And this leaves us with the problem of a false dichotomy.  Everyone believes that there are only two possible ways to resolve the issue.  Either men are better than women on average, and thus we shouldn’t bother letting women try, or men and women are equal on average, and thus we should do what we can to make sure we have as many female mathematicians as male (which would indicate that we have ended the social discrimination).  And nobody ever seems to consider the other logically consistent options like men are better than women on average and yet there are still plenty of capable women, or even men are better than women on average and yet most of the best are women.
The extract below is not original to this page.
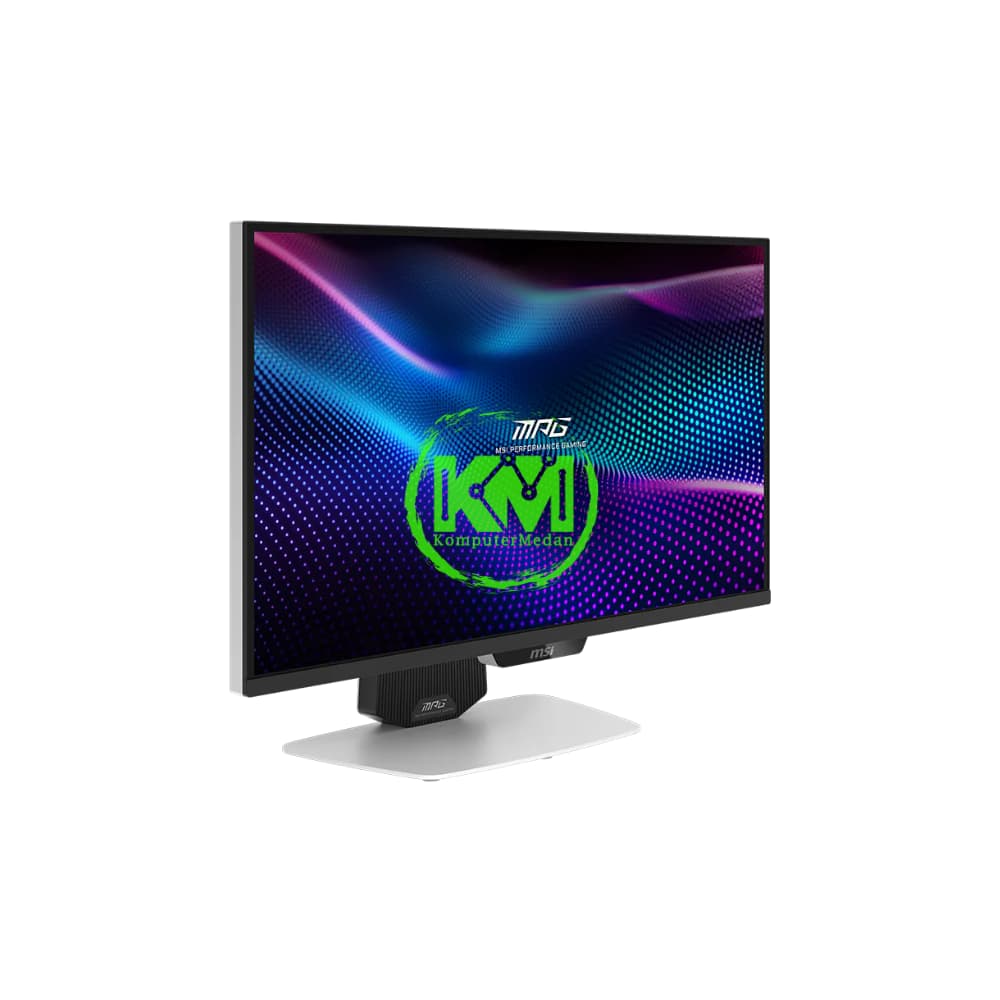 MSI GAMING MPG 274URDFW E16M WHITE LED MONITOR - Image 2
This is the first step in understanding my thoughts about discrimination and equality.  A simple report of average capability is not enough information.  We can’t use that data to conclude decisively that one or more groups are doomed to fail.  In addition to the averages of the distributions, we also need to know their spreads.  Only when we know both the average innate mathematical capability of men and women and the spreads of their respective distributions can we actually make a reasonable guess about the expected gender distribution of mathematicians if we end discrimination.


  1. Good choice of topic for an intro to discrimination, Zaq. I see I've come late to your posts on discrimination, but I'd still like to mention a bit of 'advice' (just my opinion, actually).

    When giving examples of flawed thinking, such as the later examples in this post, I think you might do well to avoid using examples from the specific domain in which you are looking to challenge. Otherwise, the examples will tend to trigger just the kinds of flawed reactions you're hoping to illustrate, and the effectiveness of the example suffers as a result.

    For example, your example of men being, on average better at math. Now, you didn't actually come out and state that 'men are on average better at math', but by using that example repeatedly, to an unfamiliar observer who holds typical biases, it can sound a heck of a lot like that you are presuming it to be true. When this presumption is made, then the attempt at illustrating an example becomes 'suspect' since it then would appear that you're coming at it from a biased viewpoint, and perhaps cherry-picking or poisoning the well, or whatever.

    Personally, when I approach examples along the lines of what you were showing, I might bring up the specific example of how belief that 'men are better on average' is common and how that plays out in a typical discussion, but then I would switch that up to a more abstract or neutral example for demonstrating the general principle of how different statistical spreads can invalidate the typical flawed reasoning. Maybe something along the lines of different fruits being different sizes or something.